**Given entries**
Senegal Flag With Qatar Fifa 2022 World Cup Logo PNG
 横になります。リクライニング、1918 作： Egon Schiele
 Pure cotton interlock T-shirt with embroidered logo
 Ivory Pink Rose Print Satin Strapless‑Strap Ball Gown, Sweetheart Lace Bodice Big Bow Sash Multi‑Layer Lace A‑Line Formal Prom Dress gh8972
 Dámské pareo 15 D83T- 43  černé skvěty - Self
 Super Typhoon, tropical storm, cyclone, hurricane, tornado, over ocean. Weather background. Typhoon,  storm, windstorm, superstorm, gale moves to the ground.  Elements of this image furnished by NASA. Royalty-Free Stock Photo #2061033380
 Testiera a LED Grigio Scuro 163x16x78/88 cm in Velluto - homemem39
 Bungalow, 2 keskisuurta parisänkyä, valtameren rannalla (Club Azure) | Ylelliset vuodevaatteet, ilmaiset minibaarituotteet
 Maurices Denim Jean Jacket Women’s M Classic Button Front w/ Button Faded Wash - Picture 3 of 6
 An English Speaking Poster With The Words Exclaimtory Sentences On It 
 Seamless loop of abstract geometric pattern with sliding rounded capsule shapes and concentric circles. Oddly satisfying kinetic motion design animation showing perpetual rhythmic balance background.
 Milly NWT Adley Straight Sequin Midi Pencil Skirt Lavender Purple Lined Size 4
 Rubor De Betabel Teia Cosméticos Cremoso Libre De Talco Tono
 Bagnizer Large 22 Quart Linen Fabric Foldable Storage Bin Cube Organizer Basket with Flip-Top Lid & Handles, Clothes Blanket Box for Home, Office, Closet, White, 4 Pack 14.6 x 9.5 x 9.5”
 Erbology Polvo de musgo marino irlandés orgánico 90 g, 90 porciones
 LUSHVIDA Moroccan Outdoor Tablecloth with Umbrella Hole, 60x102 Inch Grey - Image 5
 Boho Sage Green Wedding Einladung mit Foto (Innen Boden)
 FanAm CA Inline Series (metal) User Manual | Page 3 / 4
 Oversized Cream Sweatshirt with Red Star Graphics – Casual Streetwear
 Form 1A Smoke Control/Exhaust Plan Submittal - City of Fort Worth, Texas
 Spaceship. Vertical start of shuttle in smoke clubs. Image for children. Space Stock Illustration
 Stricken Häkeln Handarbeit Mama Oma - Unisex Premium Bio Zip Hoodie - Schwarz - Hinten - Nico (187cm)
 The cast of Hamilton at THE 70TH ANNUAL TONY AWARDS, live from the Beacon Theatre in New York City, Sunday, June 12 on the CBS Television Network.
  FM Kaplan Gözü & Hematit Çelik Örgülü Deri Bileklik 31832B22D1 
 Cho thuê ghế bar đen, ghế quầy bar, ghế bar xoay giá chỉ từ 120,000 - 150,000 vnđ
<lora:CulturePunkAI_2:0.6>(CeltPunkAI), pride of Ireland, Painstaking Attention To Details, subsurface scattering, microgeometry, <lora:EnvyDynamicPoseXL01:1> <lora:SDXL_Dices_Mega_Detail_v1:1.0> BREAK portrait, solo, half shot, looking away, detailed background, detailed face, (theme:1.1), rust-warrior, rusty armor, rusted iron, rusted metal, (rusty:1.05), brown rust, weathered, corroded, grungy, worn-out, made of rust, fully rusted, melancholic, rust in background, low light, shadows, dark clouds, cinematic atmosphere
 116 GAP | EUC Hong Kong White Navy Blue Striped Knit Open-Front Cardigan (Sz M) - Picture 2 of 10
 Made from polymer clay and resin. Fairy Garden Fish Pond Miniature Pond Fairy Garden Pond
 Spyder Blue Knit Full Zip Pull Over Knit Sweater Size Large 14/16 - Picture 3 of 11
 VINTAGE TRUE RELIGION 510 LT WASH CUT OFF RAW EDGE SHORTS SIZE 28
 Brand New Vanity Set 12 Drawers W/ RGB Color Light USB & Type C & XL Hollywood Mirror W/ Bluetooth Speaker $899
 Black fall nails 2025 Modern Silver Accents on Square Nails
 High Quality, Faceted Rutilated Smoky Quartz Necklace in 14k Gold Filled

**Your goal**
Copy out every record above once more, precisely as written.

**Exercise output**
Senegal Flag With Qatar Fifa 2022 World Cup Logo PNG
 横になります。リクライニング、1918 作： Egon Schiele
 Pure cotton interlock T-shirt with embroidered logo
 Ivory Pink Rose Print Satin Strapless‑Strap Ball Gown, Sweetheart Lace Bodice Big Bow Sash Multi‑Layer Lace A‑Line Formal Prom Dress gh8972
 Dámské pareo 15 D83T- 43  černé skvěty - Self
 Super Typhoon, tropical storm, cyclone, hurricane, tornado, over ocean. Weather background. Typhoon,  storm, windstorm, superstorm, gale moves to the ground.  Elements of this image furnished by NASA. Royalty-Free Stock Photo #2061033380
 Testiera a LED Grigio Scuro 163x16x78/88 cm in Velluto - homemem39
 Bungalow, 2 keskisuurta parisänkyä, valtameren rannalla (Club Azure) | Ylelliset vuodevaatteet, ilmaiset minibaarituotteet
 Maurices Denim Jean Jacket Women’s M Classic Button Front w/ Button Faded Wash - Picture 3 of 6
 An English Speaking Poster With The Words Exclaimtory Sentences On It 
 Seamless loop of abstract geometric pattern with sliding rounded capsule shapes and concentric circles. Oddly satisfying kinetic motion design animation showing perpetual rhythmic balance background.
 Milly NWT Adley Straight Sequin Midi Pencil Skirt Lavender Purple Lined Size 4
 Rubor De Betabel Teia Cosméticos Cremoso Libre De Talco Tono
 Bagnizer Large 22 Quart Linen Fabric Foldable Storage Bin Cube Organizer Basket with Flip-Top Lid & Handles, Clothes Blanket Box for Home, Office, Closet, White, 4 Pack 14.6 x 9.5 x 9.5”
 Erbology Polvo de musgo marino irlandés orgánico 90 g, 90 porciones
 LUSHVIDA Moroccan Outdoor Tablecloth with Umbrella Hole, 60x102 Inch Grey - Image 5
 Boho Sage Green Wedding Einladung mit Foto (Innen Boden)
 FanAm CA Inline Series (metal) User Manual | Page 3 / 4
 Oversized Cream Sweatshirt with Red Star Graphics – Casual Streetwear
 Form 1A Smoke Control/Exhaust Plan Submittal - City of Fort Worth, Texas
 Spaceship. Vertical start of shuttle in smoke clubs. Image for children. Space Stock Illustration
 Stricken Häkeln Handarbeit Mama Oma - Unisex Premium Bio Zip Hoodie - Schwarz - Hinten - Nico (187cm)
 The cast of Hamilton at THE 70TH ANNUAL TONY AWARDS, live from the Beacon Theatre in New York City, Sunday, June 12 on the CBS Television Network.
  FM Kaplan Gözü & Hematit Çelik Örgülü Deri Bileklik 31832B22D1 
 Cho thuê ghế bar đen, ghế quầy bar, ghế bar xoay giá chỉ từ 120,000 - 150,000 vnđ
<lora:CulturePunkAI_2:0.6>(CeltPunkAI), pride of Ireland, Painstaking Attention To Details, subsurface scattering, microgeometry, <lora:EnvyDynamicPoseXL01:1> <lora:SDXL_Dices_Mega_Detail_v1:1.0> BREAK portrait, solo, half shot, looking away, detailed background, detailed face, (theme:1.1), rust-warrior, rusty armor, rusted iron, rusted metal, (rusty:1.05), brown rust, weathered, corroded, grungy, worn-out, made of rust, fully rusted, melancholic, rust in background, low light, shadows, dark clouds, cinematic atmosphere
 116 GAP | EUC Hong Kong White Navy Blue Striped Knit Open-Front Cardigan (Sz M) - Picture 2 of 10
 Made from polymer clay and resin. Fairy Garden Fish Pond Miniature Pond Fairy Garden Pond
 Spyder Blue Knit Full Zip Pull Over Knit Sweater Size Large 14/16 - Picture 3 of 11
 VINTAGE TRUE RELIGION 510 LT WASH CUT OFF RAW EDGE SHORTS SIZE 28
 Brand New Vanity Set 12 Drawers W/ RGB Color Light USB & Type C & XL Hollywood Mirror W/ Bluetooth Speaker $899
 Black fall nails 2025 Modern Silver Accents on Square Nails
 High Quality, Faceted Rutilated Smoky Quartz Necklace in 14k Gold Filled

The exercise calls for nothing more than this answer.